### [WORK TO COMPLETE]
Only the number is needed: how many lines of the entries below contain the word "Avenue".

(Records drawn from a dataset)
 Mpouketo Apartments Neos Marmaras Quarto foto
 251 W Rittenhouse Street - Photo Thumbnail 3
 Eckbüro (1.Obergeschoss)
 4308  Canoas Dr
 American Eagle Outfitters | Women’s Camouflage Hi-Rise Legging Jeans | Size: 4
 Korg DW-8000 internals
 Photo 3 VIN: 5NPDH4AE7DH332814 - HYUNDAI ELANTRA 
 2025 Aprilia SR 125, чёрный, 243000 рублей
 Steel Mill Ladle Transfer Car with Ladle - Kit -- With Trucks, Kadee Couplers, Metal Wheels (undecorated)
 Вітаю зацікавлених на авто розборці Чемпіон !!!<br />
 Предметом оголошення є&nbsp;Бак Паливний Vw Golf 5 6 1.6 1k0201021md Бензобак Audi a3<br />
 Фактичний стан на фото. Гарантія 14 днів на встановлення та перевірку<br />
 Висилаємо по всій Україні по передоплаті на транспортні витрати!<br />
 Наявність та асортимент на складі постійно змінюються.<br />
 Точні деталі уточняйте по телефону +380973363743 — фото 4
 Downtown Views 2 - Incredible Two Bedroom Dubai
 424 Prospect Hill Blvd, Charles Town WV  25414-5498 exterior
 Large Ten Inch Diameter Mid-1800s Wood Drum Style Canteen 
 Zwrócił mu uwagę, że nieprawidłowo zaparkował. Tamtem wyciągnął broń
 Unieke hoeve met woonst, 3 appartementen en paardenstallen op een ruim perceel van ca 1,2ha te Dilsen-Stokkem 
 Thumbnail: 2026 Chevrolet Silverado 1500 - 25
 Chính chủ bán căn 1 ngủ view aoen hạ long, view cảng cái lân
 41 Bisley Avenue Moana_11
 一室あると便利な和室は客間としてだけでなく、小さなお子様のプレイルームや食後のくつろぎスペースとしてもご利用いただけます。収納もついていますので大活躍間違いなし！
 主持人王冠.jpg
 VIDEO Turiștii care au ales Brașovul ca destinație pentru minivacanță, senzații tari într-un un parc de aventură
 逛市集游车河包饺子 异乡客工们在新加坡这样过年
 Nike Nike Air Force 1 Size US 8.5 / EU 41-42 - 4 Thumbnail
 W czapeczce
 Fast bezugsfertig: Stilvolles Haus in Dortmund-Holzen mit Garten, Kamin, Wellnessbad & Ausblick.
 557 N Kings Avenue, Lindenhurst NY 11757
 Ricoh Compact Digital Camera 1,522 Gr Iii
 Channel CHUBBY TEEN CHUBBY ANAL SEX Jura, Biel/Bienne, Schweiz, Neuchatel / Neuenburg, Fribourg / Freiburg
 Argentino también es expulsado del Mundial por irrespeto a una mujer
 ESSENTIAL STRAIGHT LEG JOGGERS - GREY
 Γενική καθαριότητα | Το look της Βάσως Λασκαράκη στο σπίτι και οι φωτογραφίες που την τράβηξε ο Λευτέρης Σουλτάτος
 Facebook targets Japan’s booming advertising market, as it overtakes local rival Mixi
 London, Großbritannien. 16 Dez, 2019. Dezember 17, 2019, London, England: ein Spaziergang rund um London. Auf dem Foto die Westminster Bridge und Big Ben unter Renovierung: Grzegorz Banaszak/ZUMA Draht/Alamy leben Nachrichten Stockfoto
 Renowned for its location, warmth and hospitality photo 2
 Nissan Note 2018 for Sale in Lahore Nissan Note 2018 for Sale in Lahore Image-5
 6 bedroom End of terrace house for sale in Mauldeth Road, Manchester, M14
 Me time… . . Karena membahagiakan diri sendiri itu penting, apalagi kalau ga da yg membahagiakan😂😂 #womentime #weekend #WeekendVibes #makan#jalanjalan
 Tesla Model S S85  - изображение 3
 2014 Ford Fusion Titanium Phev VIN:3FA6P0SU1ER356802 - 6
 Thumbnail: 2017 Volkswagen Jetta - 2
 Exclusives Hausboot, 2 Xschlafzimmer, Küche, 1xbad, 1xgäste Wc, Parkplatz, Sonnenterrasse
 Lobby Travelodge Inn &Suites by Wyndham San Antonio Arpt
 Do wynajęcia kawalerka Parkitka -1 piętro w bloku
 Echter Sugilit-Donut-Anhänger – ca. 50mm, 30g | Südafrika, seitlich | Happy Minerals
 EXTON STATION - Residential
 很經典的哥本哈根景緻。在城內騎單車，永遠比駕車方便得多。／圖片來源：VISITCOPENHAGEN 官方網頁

### [WRITTEN RESPONSE]
2